[Exercise]
Apart from the pictures, every entry below should be repeated exactly.

[Source data]
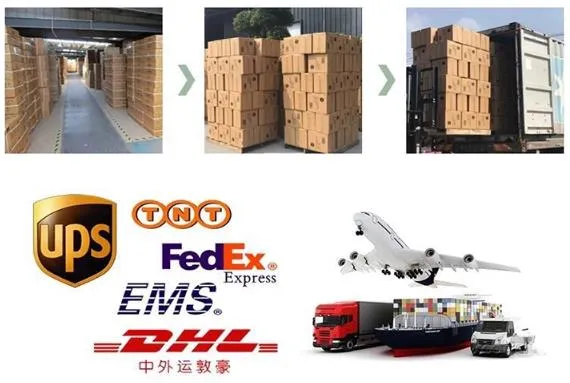 Medical Custom Sterile Latex-Free PE Skin Color Adhesive Band Aid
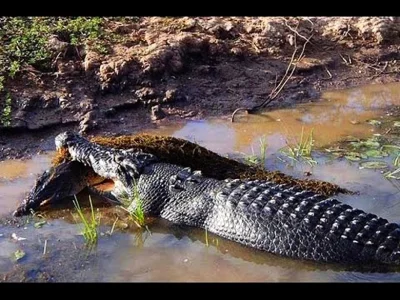 stanislaw-cybruch - #stan #kanibal #swiat #krokodyl Kanibalizm w Australii. Krokodyl ...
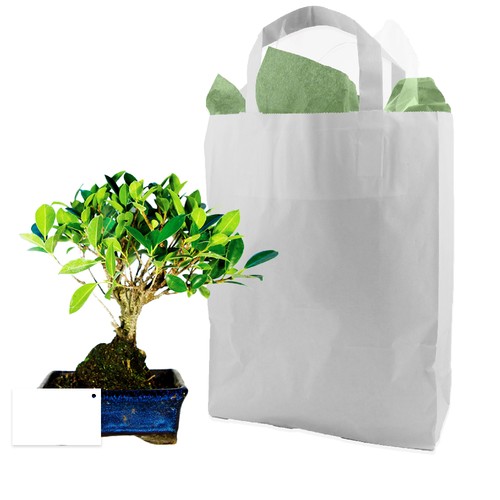 Bonsaï en sac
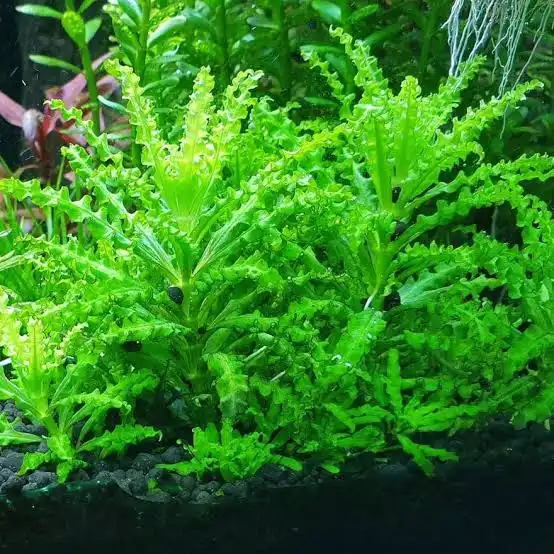 Pogostemon Helferi (Lav Kayası)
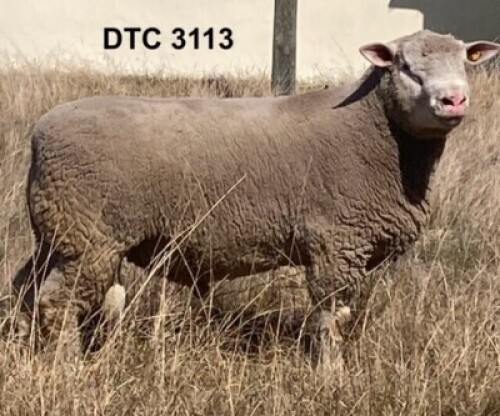 1X ILE DE FRANCE STUD RAM CLARK SD & TA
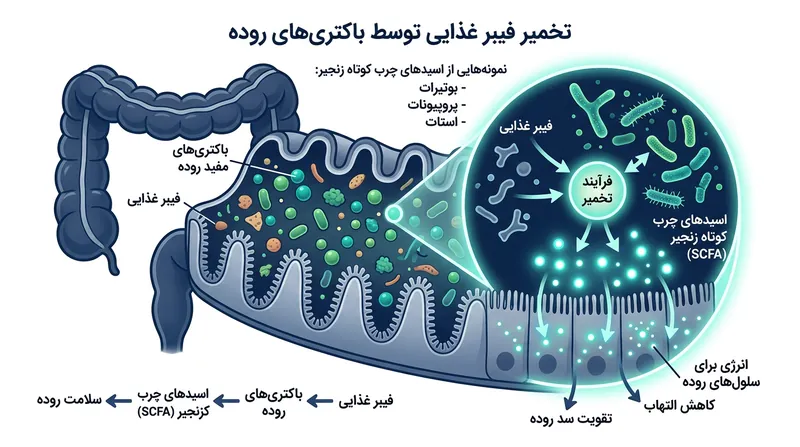 باکتری‌های روده با تخمیر فیبر، اسیدهای چرب کوتاه زنجیر تولید می‌کنند که التهاب را کاهش می‌دهد.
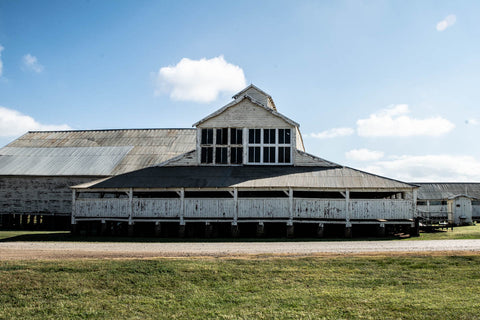 The Plains Sunflower Trail, Odgers and McClelland Exchange Stores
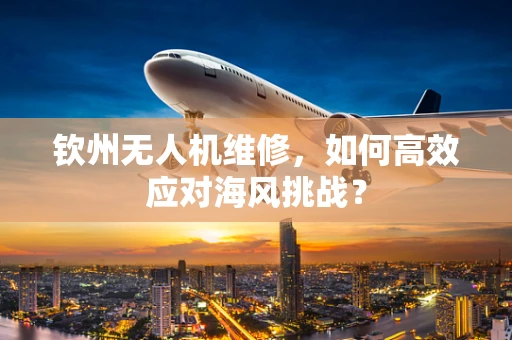 钦州无人机维修，如何高效应对海风挑战？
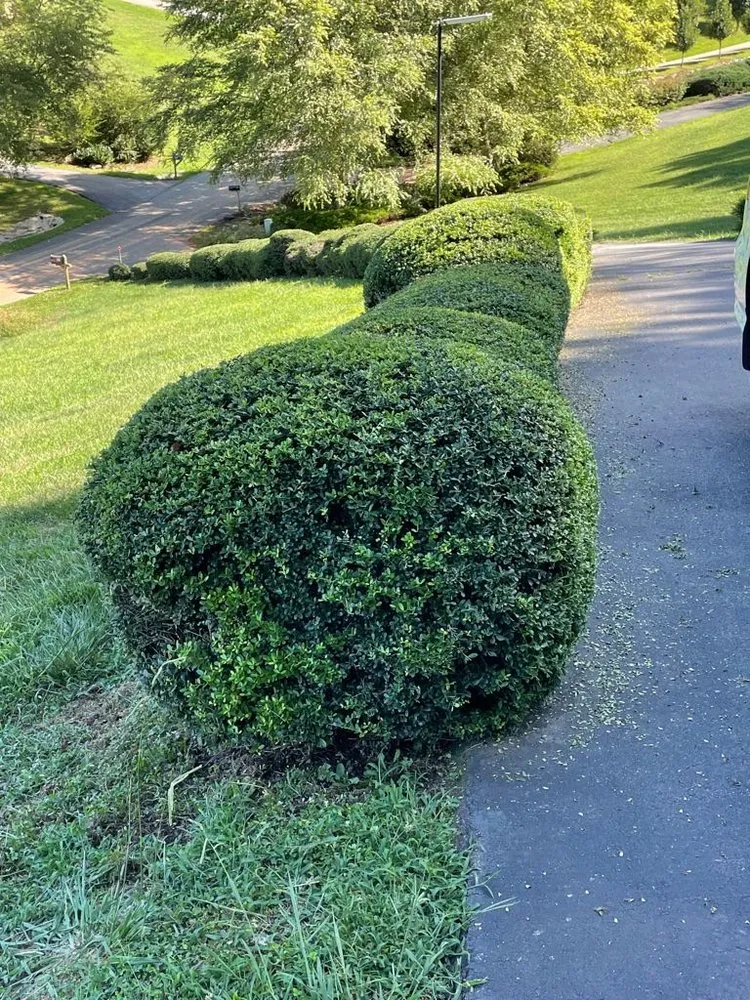 Custom yard maintenance in Fletcher, NC - Aria Landscaping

[Result of the task]
 Medical Custom Sterile Latex-Free PE Skin Color Adhesive Band Aid
 stanislaw-cybruch - #stan #kanibal #swiat #krokodyl Kanibalizm w Australii. Krokodyl ...
 Bonsaï en sac
 Pogostemon Helferi (Lav Kayası)
 1X ILE DE FRANCE STUD RAM CLARK SD & TA
 باکتری‌های روده با تخمیر فیبر، اسیدهای چرب کوتاه زنجیر تولید می‌کنند که التهاب را کاهش می‌دهد.
 The Plains Sunflower Trail, Odgers and McClelland Exchange Stores
 钦州无人机维修，如何高效应对海风挑战？
 Custom yard maintenance in Fletcher, NC - Aria Landscaping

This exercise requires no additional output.